I always had a thing for this type of game, maybe because they have so much in common with board games. I thought I could rip a few pages from their book such as resource management, positioning strategies, and coordinating timing.
For my grandmother reading this article, a "tower defense" game is a game in which you need to defend a place, often a castle or a fortress, from evil foes charging in waves. You then have to place towers, barricades or heroes in their way to try to stop them before it's too late. In recent years, Fieldrunners, Plants vs. Zombies, and Kingdom Rush are among the most successful games of the genre.
The theme came to me while remembering the beautiful German forest – I was in Germany for The Marriage of Figaro – and instead of defending a fortress, I wanted the players to protect the Forest of the Oniverse. Fire and flames were the natural enemies, facing an alliance of animals, fountains and floral creatures, each one bringing a specific power.
The draft aspect was the other key element that I wanted to integrate in this game. Instead of playing with the same group of defenders every time, players now have to draft a few of them before each confrontation, giving the players the opportunity to build their own deck for more personalized strategies.
Once a deck is completed, the goal is now to survive the Ravage and its many waves of attacks. Its army and maneuvers are represented with cards, which are divided in four decks. Each of these decks is assigned to a specific zone of the forest.
A game round starts with the revelation of the top card of every Ravage deck and the movement of all of its minions. If one of them reaches the forest, it inflicts a certain amount of damage to the forest — and if the vitality of the forest falls below zero, the game is over.
To prevent this from happening, it is necessary to manage your cards correctly, placing fountains in strategic places and playing the right animals at the right time. But all of these cards have a cost, and you'll need to discard other pieces of your hand to play each of them.
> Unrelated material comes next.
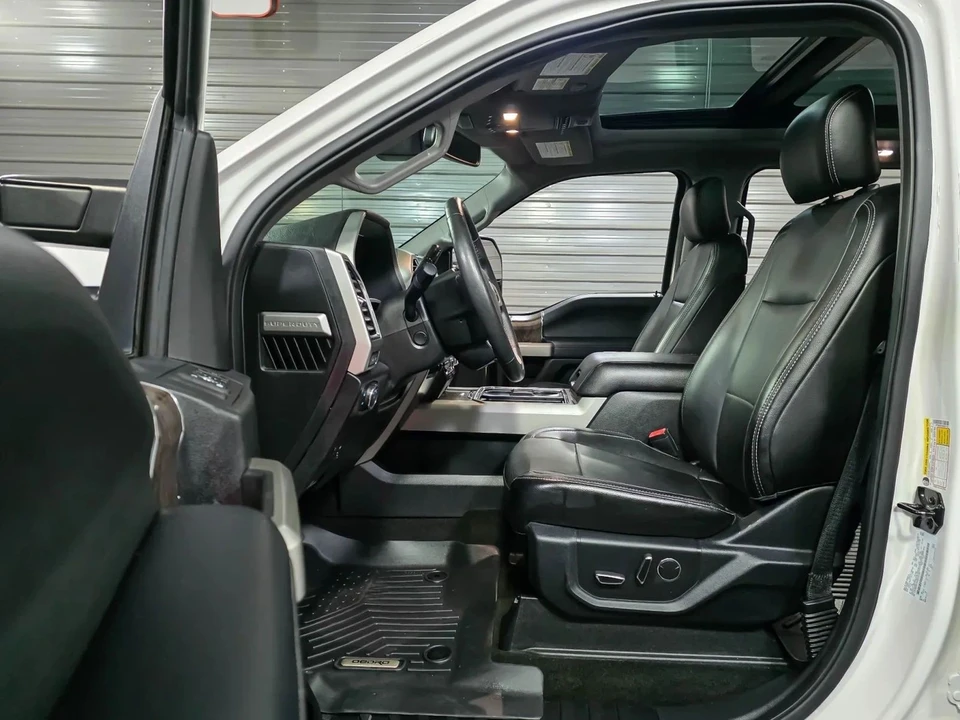 2017 Ford Super Duty 4th Gen - Image 17 of 21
The starting point of Castellion was entirely different: to create a game without any hand to manage.
Even though Onirim, Urbion and Sylvion have very different mechanisms, their objectives and development share a lot of similarities, with the three of them requiring players to manage their cards as well as timing. In these conditions, knowing when to play or discard a card is as important as which card you're actually playing or discarding.
With Castellion, I wanted the decisions to be instantaneous: At the beginning of a turn, the player draws a card and needs to decide immediately if they intend to play or discard it. And since they have no hand of cards, the management takes place somewhere else: the spatial organization of the played cards. Players then need to build something only with these cards: a structure, a building, or perhaps a castle!
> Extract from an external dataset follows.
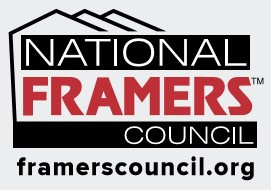 National Framers Council logo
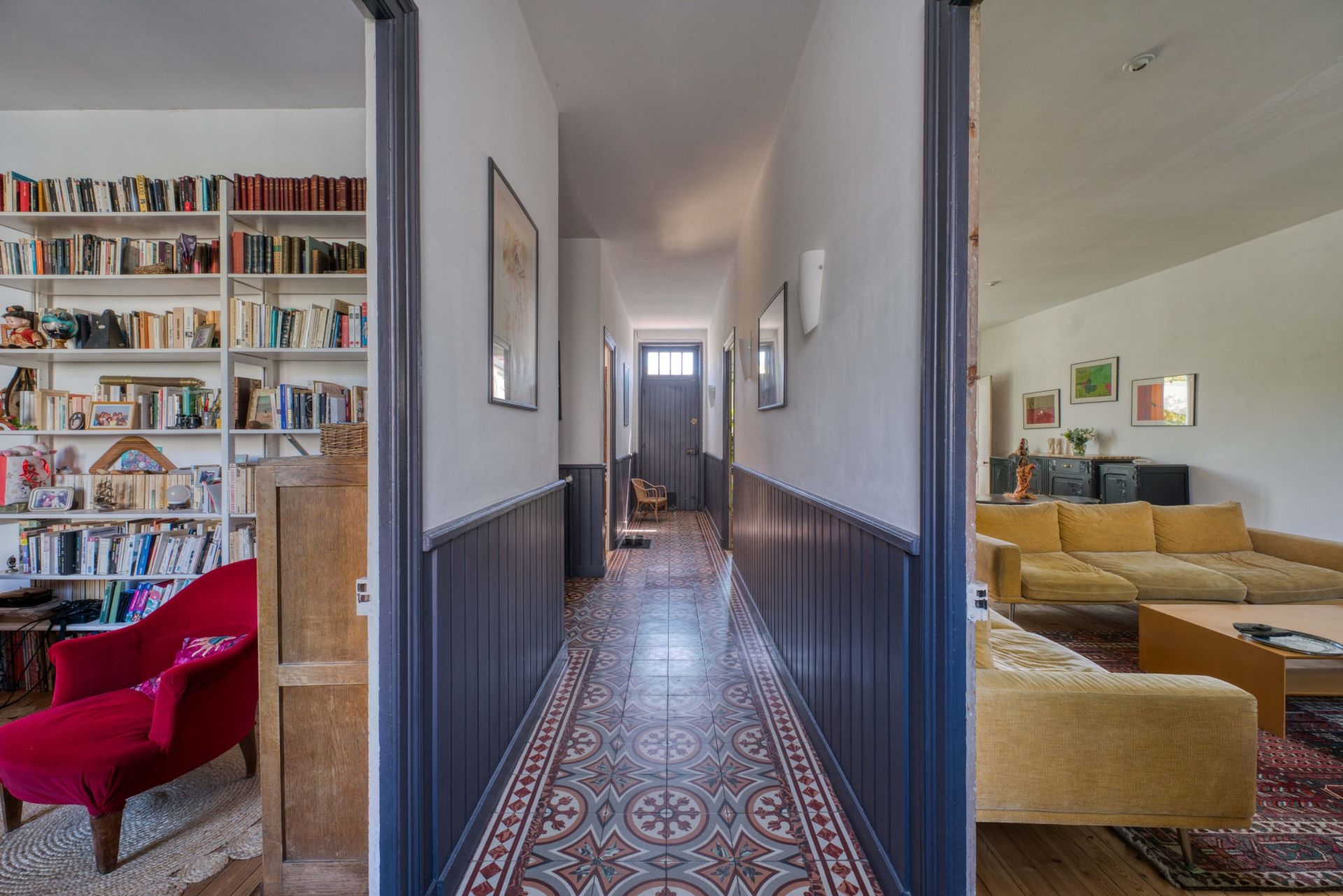 maison de prestige 8 Pièces en vente sur LA ROCHELLE (17000)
After only a few test runs, I decided to replace the cards with tiles as they were much more stable and gave a better sense of construction.
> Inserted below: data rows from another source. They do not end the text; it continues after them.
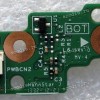 Power Button board Lenovo IdeaPad S410, S510 (p/n 48.4L107.011, 55.4L102.001G)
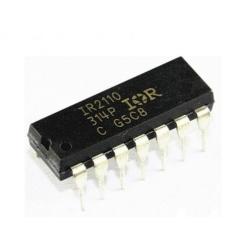 IR2110 High and Low Side Driver IC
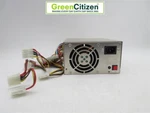 Ablecom SP450-RP 450W Switching Power Supply Used. Price: $59.99.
Speaking of tiles, I thought it would be interesting to add a special power to the discard action so that it would create a greater dilemma. This power would then serve to make the castle stronger, able to defend itself.
But to defend the castle from what? That's right: I needed a new villain!
That's when I had the idea of a shape-shifting monster inspired by The Thing by John Carpenter, this cinematic trauma visited on my nine-year-old self. To defeat this entity, the castle has to imitate the monster and also change its form, always getting bigger and stronger so that it might resist the monster's three assaults, each of them more brutal than the last one.
These attacks are triggered when enough Traitor tiles, which are shuffled among the other tiles, are picked and placed. This system creates a great deal of pressure, forcing the players to choose between short-term and long-term preparation, for you never know when the first assault will occur!
The castle's tiles are called Defender tiles, and they represent both a piece of your castle and a defender. There are four types of defenders, each of them carrying a unique shape and a specific power. This power is activated whenever the tile is discarded, whereas the color indicates how and where to position this tile following a defensive formation.
You will need to master these different defensive formations in order to defeat the Menace, and using the right one depends on what form the Menace adopts to attack your castle. For example, if the Menace takes traits of a harpy, your castle will need high towers to defend itself (with these towers being made by aligning columns with tiles of the same color); if the Menace comes at you in a horde instead, you'll need to put up lines of defense (i.e., rows with tiles of the same color).
In the end, Castellion presents itself as a descendant of my childhood puzzles, a puzzle we can do over and over again because of its changing form and versatile pieces. It invites the player to explore all possibilities, but at the same time, reminds them that this is a race against an unavoidable menace.